Vegetarianism at CMU: How You can Lead a Healthier Life

Story by Megan O’Neil
Photo by Anne Langan

College can be a wonderful time for adaptation – whether it’s using that coffee buzz as a ticket to board the study train, learning to survive pre-exam all nighters, or understanding a milk crate can double as a storage bin and additional seating.

Accepting change in the name of efficiency can usher in a whole new lifestyle, and if you’re willing to let that change spread, you may be considering making some dietary changes.

Central Michigan University supports just about any eater – cafeteria connoisseur, pizza pirate, vegetarian etc.

But, if you’re looking for a way to cut down grocery bills, carbon emissions or sustain a healthy lifestyle, then pizza parties and ramen-ragers might not be the answer. But, vegetarianism might be.

Understanding Vegetarianism
Regardless of your reasoning, if you’re looking for change, vegetarianism isn’t that path to starvation and malnutrition your protein lovin’ friends warned you about.

After stepping into one CMU’s Student Advocates for Vegetarian/Veganism meeting, it is obvious no one is wasting away. The room was anything but filled with the moans of people on the brink of starvation.

Instead, it was full of people who found a way to reduce their grocery bills and carbon footprints by avoiding the meat section. In addition, they were passionately trying to reduce animal cruelty and inhumane practices.
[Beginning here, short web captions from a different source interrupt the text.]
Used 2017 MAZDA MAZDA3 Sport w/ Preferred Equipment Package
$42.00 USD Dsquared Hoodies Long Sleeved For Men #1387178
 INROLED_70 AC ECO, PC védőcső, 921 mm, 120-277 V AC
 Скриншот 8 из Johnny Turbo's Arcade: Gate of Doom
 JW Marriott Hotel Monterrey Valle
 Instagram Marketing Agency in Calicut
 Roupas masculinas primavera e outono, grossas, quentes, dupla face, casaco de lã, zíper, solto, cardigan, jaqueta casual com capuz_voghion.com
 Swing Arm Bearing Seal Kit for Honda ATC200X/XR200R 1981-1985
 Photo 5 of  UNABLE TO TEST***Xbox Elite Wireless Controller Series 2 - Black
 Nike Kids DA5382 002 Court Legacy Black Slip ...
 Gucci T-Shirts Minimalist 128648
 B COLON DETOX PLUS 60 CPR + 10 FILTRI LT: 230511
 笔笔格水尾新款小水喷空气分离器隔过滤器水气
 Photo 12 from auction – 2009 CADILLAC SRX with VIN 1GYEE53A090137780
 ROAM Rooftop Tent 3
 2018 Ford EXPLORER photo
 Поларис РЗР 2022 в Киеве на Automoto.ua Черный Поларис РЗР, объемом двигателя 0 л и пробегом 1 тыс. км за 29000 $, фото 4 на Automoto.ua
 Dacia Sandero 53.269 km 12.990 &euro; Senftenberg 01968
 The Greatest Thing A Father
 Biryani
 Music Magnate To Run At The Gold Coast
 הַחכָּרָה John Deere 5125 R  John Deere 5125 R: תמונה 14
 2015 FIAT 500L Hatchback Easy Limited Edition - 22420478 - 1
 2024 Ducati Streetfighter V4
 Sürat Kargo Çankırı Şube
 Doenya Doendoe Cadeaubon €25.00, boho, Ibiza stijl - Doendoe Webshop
As many vegetarians and vegans will admit, cutting down on one’s meat consumption doesn’t mean transitioning from feasting on meat to picking through a salad. Instead of thinking about what one can’t eat, it’s a push to think about what new things one can eat.

Expanding Your Horizons
Ever heard of quinoa or tempeh, or even tried marinated tofu? Adding high protein meatless options maintains the diet needed to keep seeing “gains” in the weight room, without relying on meat.

Eating it doesn’t have to be boring, either – say hello to spices. Even if it’s only substituting black bean burgers for their beefier brothers, it doesn’t take long for your bank account to thank you.

Adding veggies into your diet doesn’t have to be painful. Just about anything from the produce section of your grocery store can be sautéed with garlic salt and pepper for a side dish, and if you’ve decided you want to try to add some veggie proteins, try using a food processor to combine black beans, onion oats, an egg (or egg substitute) and spices of your choice for your very own black bean burger.